**What the exercise asks:**
The answer is an exact copy of the lines from the one with "Boys' Soft Knit" to the end of the listing below, pictures left out.
- Opening Delimiter -
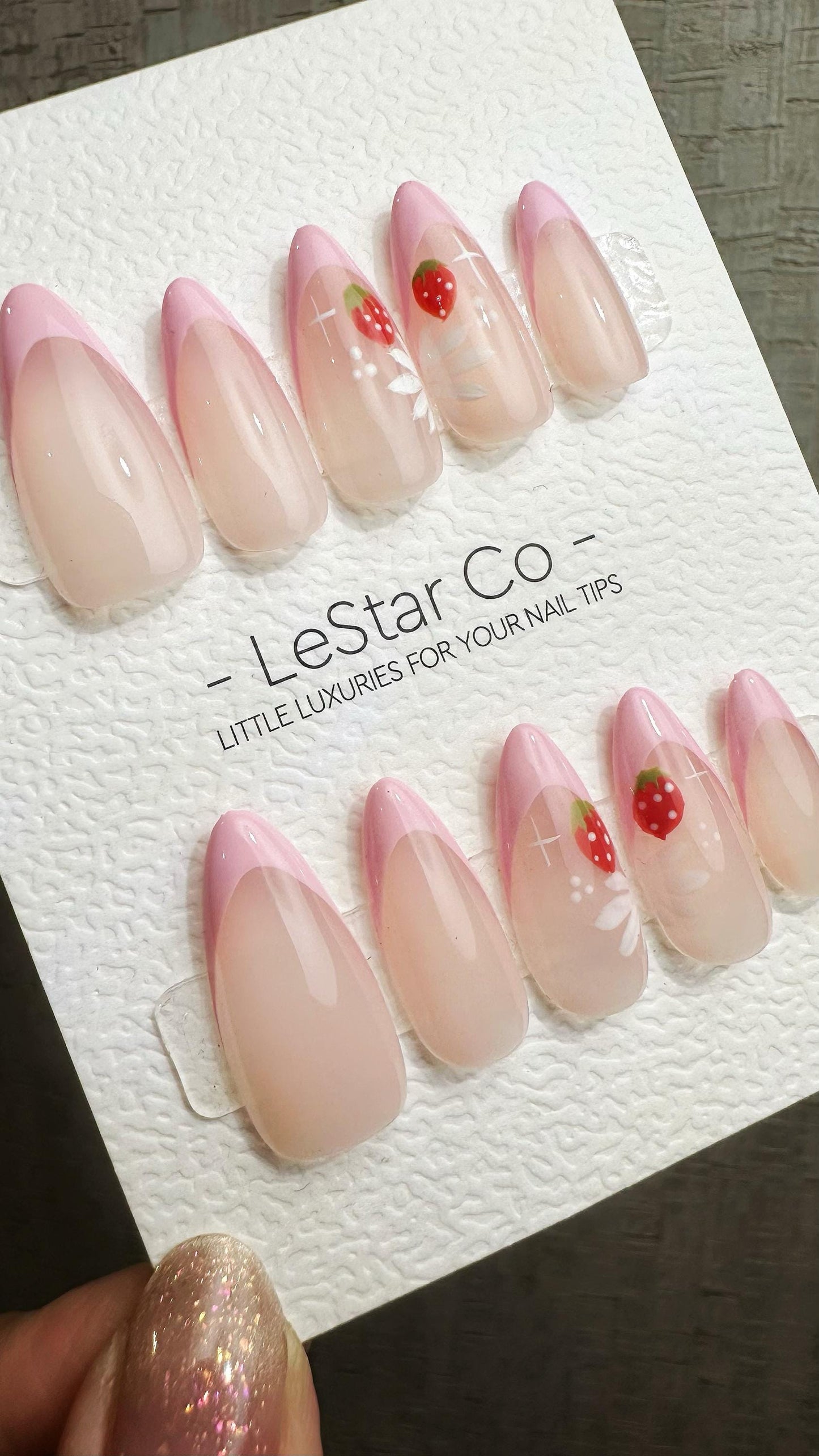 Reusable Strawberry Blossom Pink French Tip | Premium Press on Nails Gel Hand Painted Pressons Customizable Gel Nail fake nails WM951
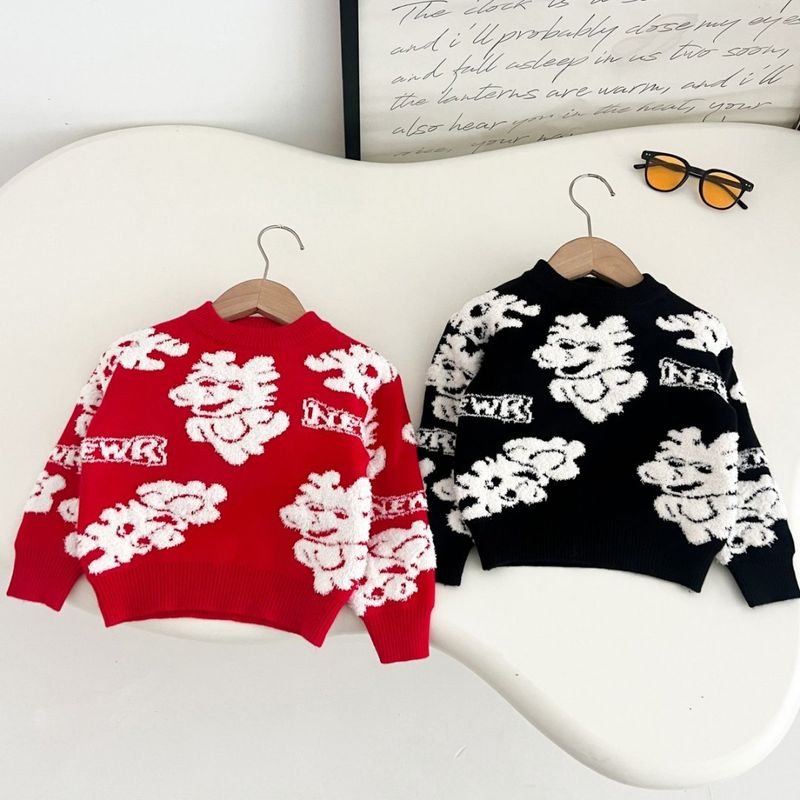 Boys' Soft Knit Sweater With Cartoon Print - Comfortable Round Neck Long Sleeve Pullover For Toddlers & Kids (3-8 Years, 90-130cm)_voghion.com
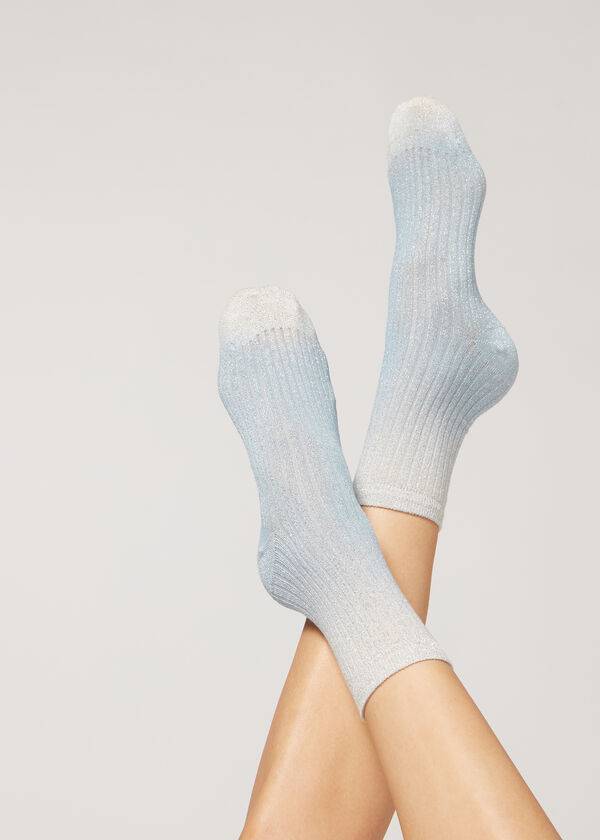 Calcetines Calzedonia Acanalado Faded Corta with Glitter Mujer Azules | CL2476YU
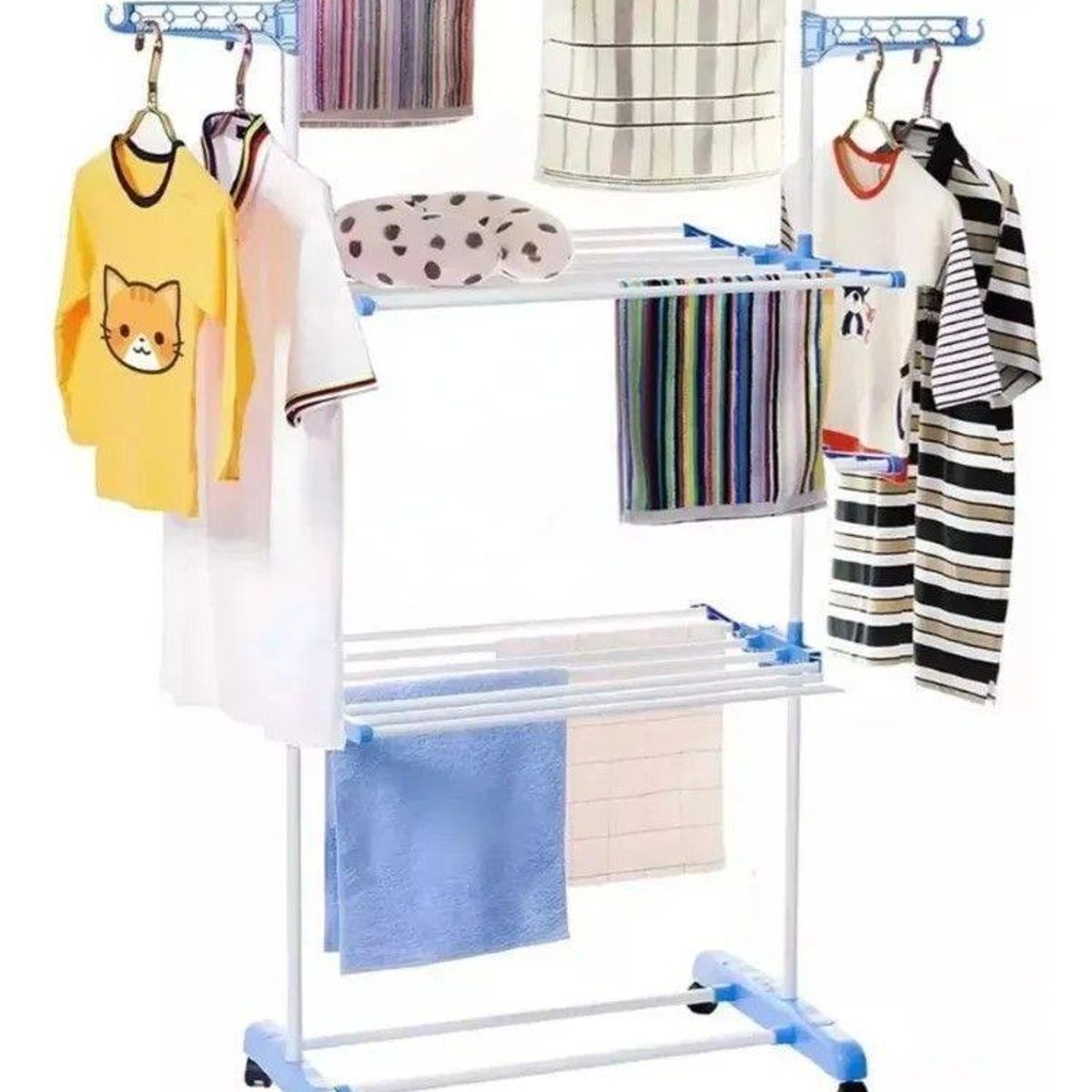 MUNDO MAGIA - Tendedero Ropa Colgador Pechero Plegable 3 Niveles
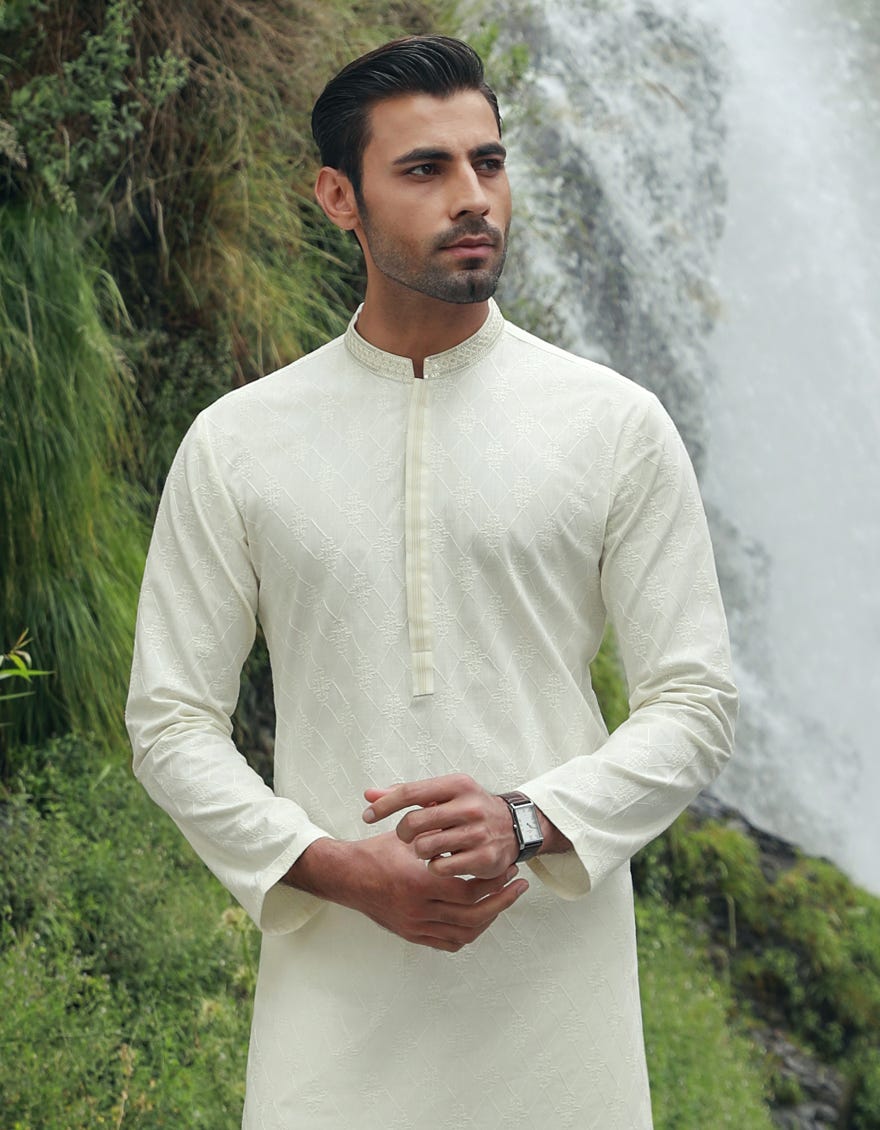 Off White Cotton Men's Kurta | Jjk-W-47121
- Closing Delimiter -
**Task output:**
 Boys' Soft Knit Sweater With Cartoon Print - Comfortable Round Neck Long Sleeve Pullover For Toddlers & Kids (3-8 Years, 90-130cm)_voghion.com
 Calcetines Calzedonia Acanalado Faded Corta with Glitter Mujer Azules | CL2476YU
 MUNDO MAGIA - Tendedero Ropa Colgador Pechero Plegable 3 Niveles
 Off White Cotton Men's Kurta | Jjk-W-47121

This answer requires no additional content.